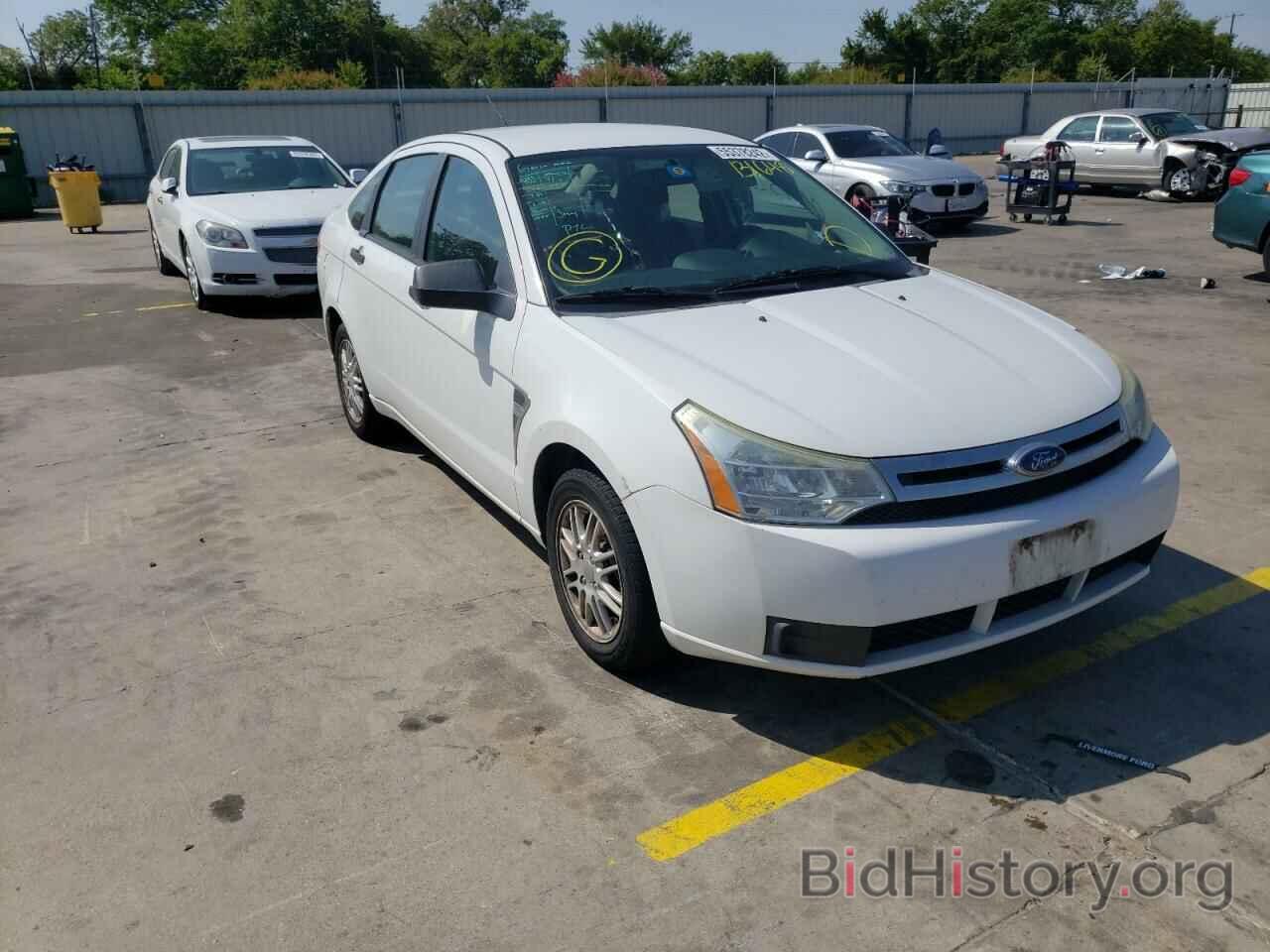 Photo 1FAHP35NX8W131648 - FORD FOCUS 2008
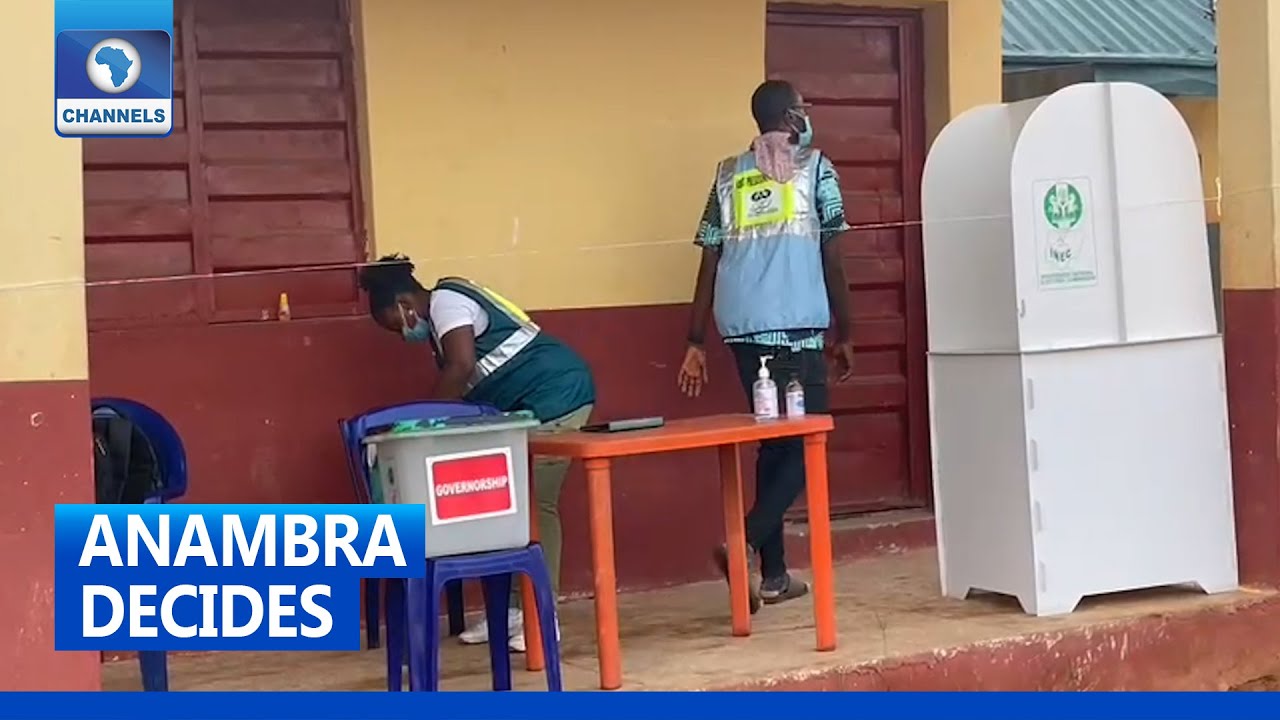 Officials Set Up Polling Units At Community Primary School, Amawbia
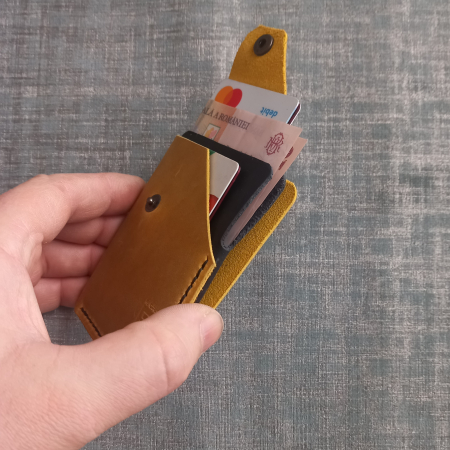Portcard din piele naturală galben cu negru – design minimalist cu capsă [1]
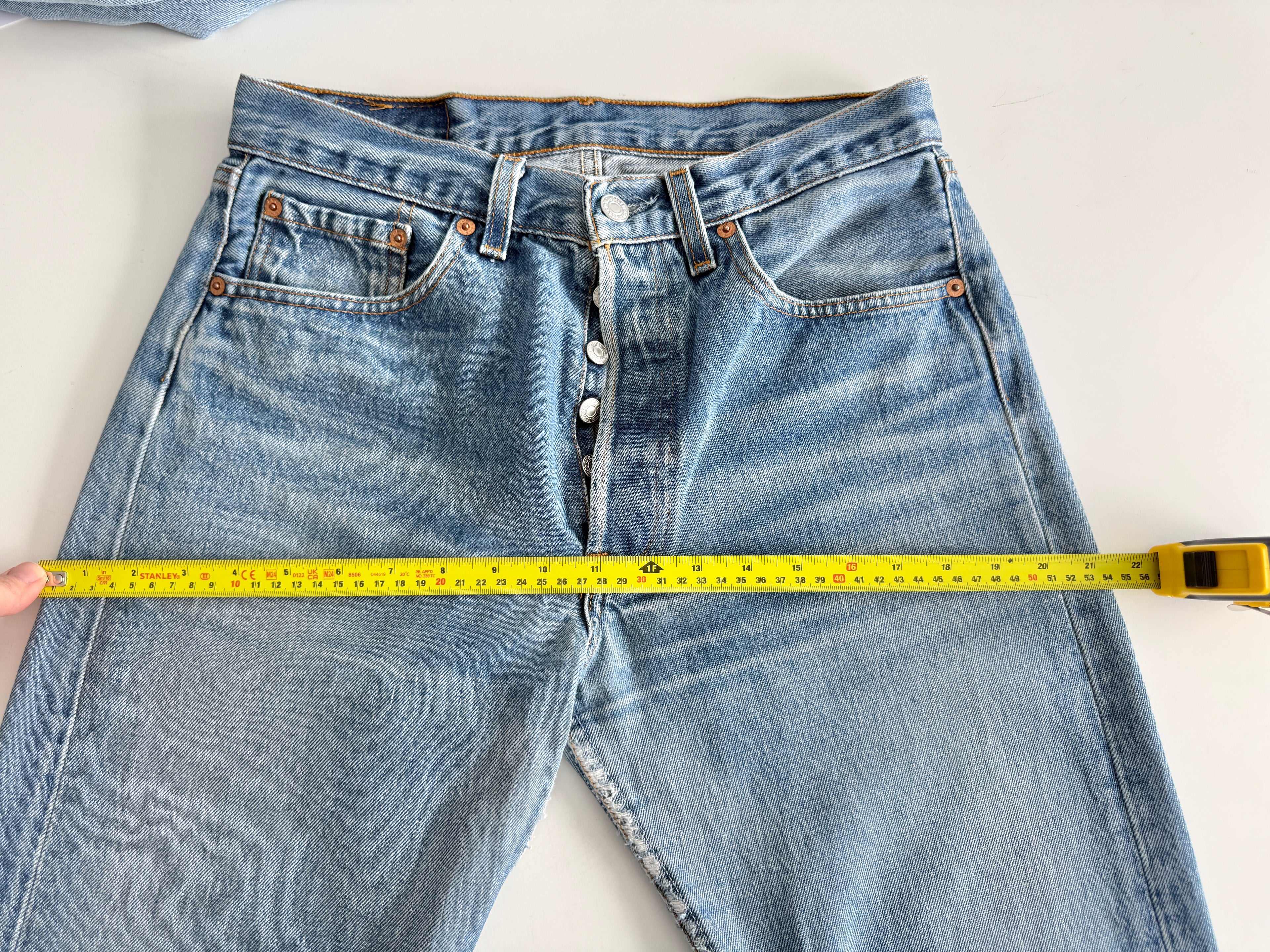 W29 L27 vintage Levis 501s 28/29” medium blue whiskers fade denim Levi’s 501s 90s USA
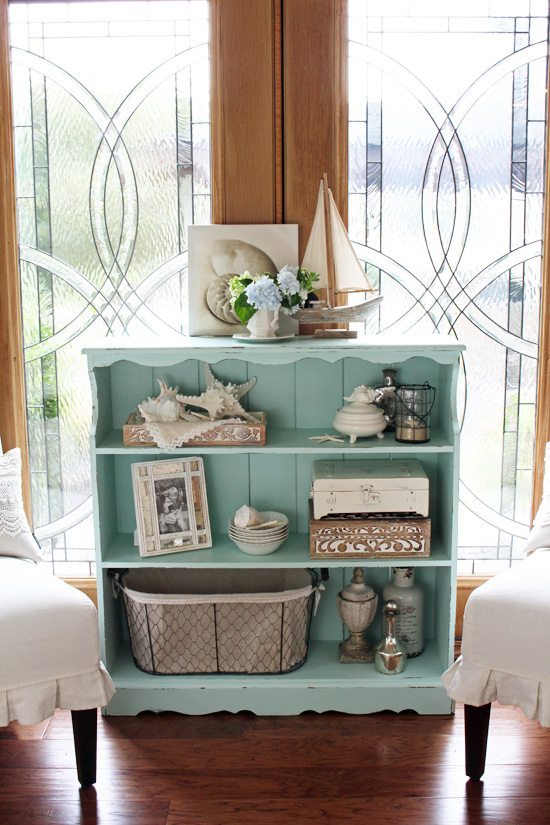 Bookcase transformation from Confessions of a Serial Do It Yourselfer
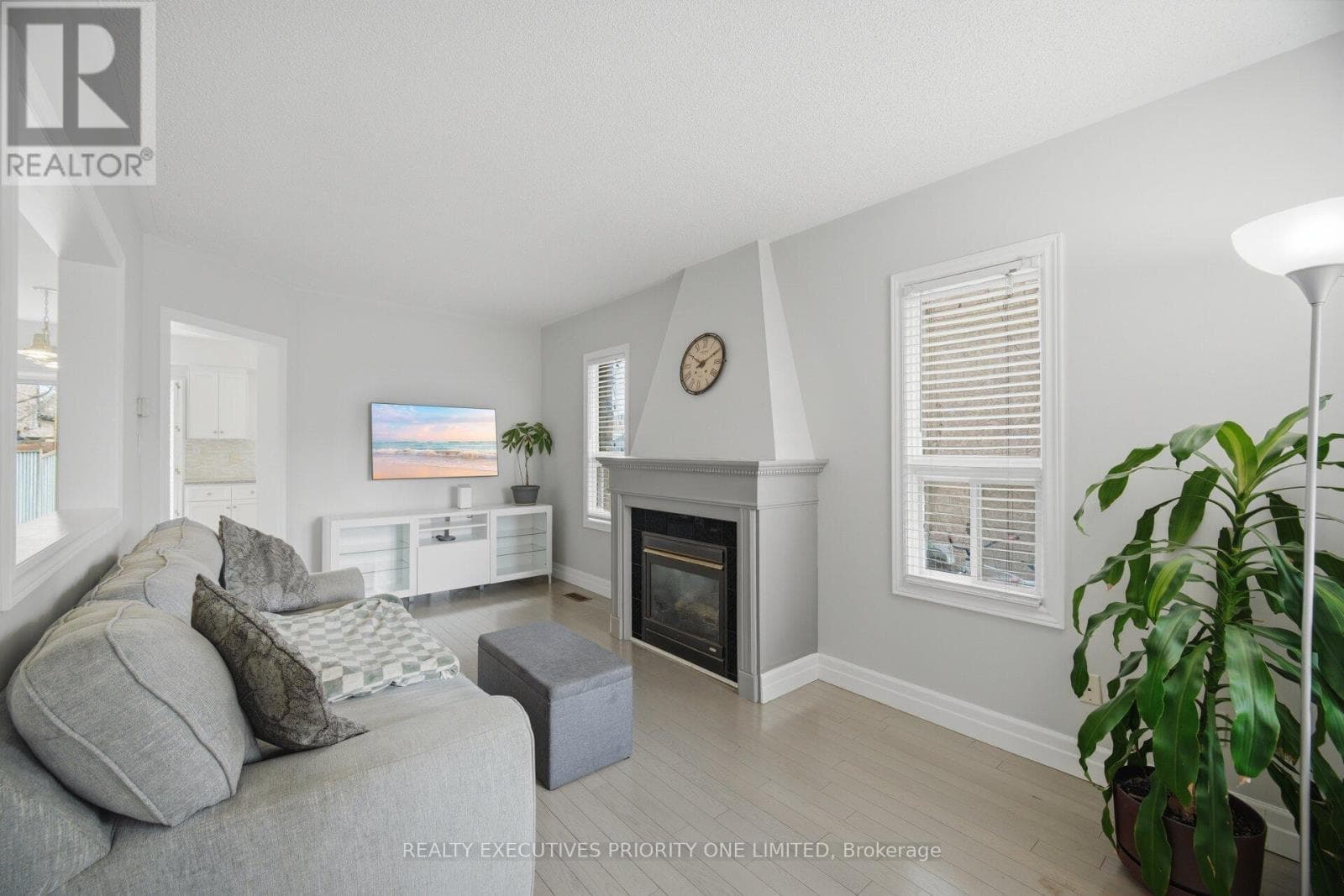 24 ARCHBURY CIRCLE, Toronto — photo 5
*****
**WHAT YOU HAVE TO DO**. All that should appear in the response is the run of lines from the one with "Officials Set Up" through the final line of the records, restated exactly, with pictures omitted.

**TASK RESPONSE**.
 Officials Set Up Polling Units At Community Primary School, Amawbia
Portcard din piele naturală galben cu negru – design minimalist cu capsă [1]
 W29 L27 vintage Levis 501s 28/29” medium blue whiskers fade denim Levi’s 501s 90s USA
 Bookcase transformation from Confessions of a Serial Do It Yourselfer
 24 ARCHBURY CIRCLE, Toronto — photo 5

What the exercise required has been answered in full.